Chris Rivait posted a link to his blog that quoted in full the Roanoake Times article Rebel flags barred from Lexington poles outlining the Lexington, Virginia, city council's recent decision not to raise the Confederate battle flag at city-sponsored events:
- The arguments have been made thousands of times before. The Confederate flag is a symbol of history and Southern heritage. No, the flag is a symbol of hatred and racism.
- In essence, the same arguments dominated a public hearing held Thursday night by the Lexington City Council . . .
In reply to Quick, I wrote:
- Stephen, I'm going to respond to your link not because I have any faith whatsoever that you would change your interpretive stance on the issue, but because such myopic quasi-historical & ideological points of view need to be challenged.

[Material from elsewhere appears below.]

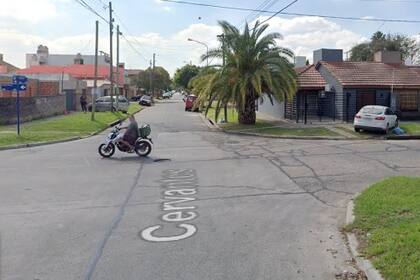 El ataque se registró en el cruce de Florio y Cervantes, en la localidad bonaerense de Villa Luzuriaga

- Your argument in favor of respect for the Confederate battle flag is specious for at least four reasons.
- First, the Confederate battle flag, more than any other Confederate flag, represents the fact that slavery was a primary cause of the American Civil War (http://edgeofthewest.wordpress.com/2007/12/24/slavery-did-too-cause-the-civil-war/).
- Second, it may be the case that "antipathy toward the flag is a recent phenomenon" from the 1980s. However, if it is the case, it's not because of "a liberal media irritated at the lingering conservatism in the South" and a financially strapped NAACP. It's because after the Civil Rights era of the 1960s, African Americans were finally able to voice their opposition to White supremacy in all it's various manifestations, _and_ there was a wider White constituency open to hearing and responding positively to these critiques.
- Third, because slavery was a main cause of the war, and because by the 1960s the points of view of African Americans started to make their way into the mainstream of American culture & discussion, many people -- myself included -- have come to associate the Confederate battle flag with injustice. I will leave it up to the descendents of slaves to correct, modulate, or refine what I'm about to write, but, for me, a White male, the Confederate battle flag is just a notch below the Nazi Swastika, in terms of its symbolic resonance with deeply racist ideology.
- Fourth, regardless of the extent to which any given Southerner understands or agrees with the interpretations sketched briefly above, to ignore that they exist, or to dismiss them off-hand, or not to engage with their very real substance, is to be intellectually dishonest.
- In summary: It's certainly not "irrational flag hysteria" for people to challenge the government-sponsored presentation of the Confederate battle flag. Southerners need to face up to the facts that slavery was a main cause of the Civil War and that, for this reason at least, these days the Confederate battle flag is a symbol of intolerance to a great many Americans.